The third side is dominated by a Latin and African feel, with a frantic percussive instrumental leading into the jumble of West Indian and New York themes in the catchy, bouncy Dreamland. There are more rock influenced, tuneful tracks on the fourth side (along with characteristic double-edged lyrics), before this fine set is wrapped up with a solo re-working of traditional themes like Wayfaring Stranger, with the reminder that the route to her present complex jazz-ballads started with the fold scene.

The album is an impressive reminder that even in the year of the punk there's an increasingly enthusiastic audience for jazz-rock and fusion music. Bands like Weather Report itself now attract large audiences, and in Britain there's something of the same development. Livestock (Charisma CLASS 5) is the new live album from Brand X, among the brightest and most imaginative of our jazz-rockers. The album captures the energy of their concerts, with the percussion of Morris Pert and Phil Collins powering the impressively controlled guitar work of John Goodsall and Robin Lumley's keyboards.

Feel Good To Me (Polydor 2302075), the first solo album by the former Yes and King Crimson drummer, is another jazz-orientated mix of tracks involving complex structures, songs, and improvisation. For a drummer the album is quite remarkable for not including a drum solo. Instead, Bruford concentrates on his surprisingly far-ranging writing, and on providing the framework for performances from the excellent Dave Stewart (with whom he played in National Health) and the disturbing, gentle vocals from Annette Peacock.

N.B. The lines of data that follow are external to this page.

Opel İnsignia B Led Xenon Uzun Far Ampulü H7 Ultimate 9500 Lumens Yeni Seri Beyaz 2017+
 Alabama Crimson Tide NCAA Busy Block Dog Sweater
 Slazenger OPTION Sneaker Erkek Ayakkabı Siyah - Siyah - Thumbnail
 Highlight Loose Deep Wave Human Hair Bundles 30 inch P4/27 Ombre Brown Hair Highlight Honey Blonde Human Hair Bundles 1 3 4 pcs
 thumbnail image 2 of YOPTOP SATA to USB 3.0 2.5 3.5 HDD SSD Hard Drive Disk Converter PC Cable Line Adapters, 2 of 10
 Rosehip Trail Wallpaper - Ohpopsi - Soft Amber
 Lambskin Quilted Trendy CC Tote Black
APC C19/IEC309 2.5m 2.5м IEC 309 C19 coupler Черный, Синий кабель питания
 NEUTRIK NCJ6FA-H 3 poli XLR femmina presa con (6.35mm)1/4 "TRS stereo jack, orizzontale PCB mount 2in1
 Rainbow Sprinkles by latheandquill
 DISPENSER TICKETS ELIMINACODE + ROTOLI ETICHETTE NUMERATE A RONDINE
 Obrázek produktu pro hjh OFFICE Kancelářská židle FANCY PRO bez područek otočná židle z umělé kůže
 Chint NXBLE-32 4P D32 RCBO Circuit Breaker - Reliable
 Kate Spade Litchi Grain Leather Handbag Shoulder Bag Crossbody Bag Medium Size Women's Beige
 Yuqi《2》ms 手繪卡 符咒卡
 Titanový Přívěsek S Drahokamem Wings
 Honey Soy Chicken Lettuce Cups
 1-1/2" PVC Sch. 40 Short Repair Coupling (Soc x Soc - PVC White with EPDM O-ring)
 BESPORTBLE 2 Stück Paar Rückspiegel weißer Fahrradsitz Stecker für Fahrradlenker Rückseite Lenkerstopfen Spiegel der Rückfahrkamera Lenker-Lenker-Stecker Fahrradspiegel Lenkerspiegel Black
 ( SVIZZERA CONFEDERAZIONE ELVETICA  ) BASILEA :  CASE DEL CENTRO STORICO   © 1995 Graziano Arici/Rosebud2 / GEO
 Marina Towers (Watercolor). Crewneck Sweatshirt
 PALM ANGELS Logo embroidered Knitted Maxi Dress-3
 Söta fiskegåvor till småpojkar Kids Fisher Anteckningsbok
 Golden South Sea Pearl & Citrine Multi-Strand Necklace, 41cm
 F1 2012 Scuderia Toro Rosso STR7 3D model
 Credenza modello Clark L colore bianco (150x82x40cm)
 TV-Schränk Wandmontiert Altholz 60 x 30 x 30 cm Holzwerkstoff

Finally, a brief recommendation for an American singer-songwriter, who by now surely deserves wider recognition. John Stewart's Fire In The Wind (RSO 2394194) is the best produced and most commercial album (though not quite the best in terms of songs) from a writer who dares to be emotional, even passionate, in his writing about (geographical) middle American, the fate of the American dream, and the ordinary man.

The best song here is Promise The Wind, a cool study of his disillusion at Carter's Presidency: "There's redneck Billy and beer, don't look like anything's going on here . . . but it's so easy to suck us in, sell em the Lord and you promise the wind."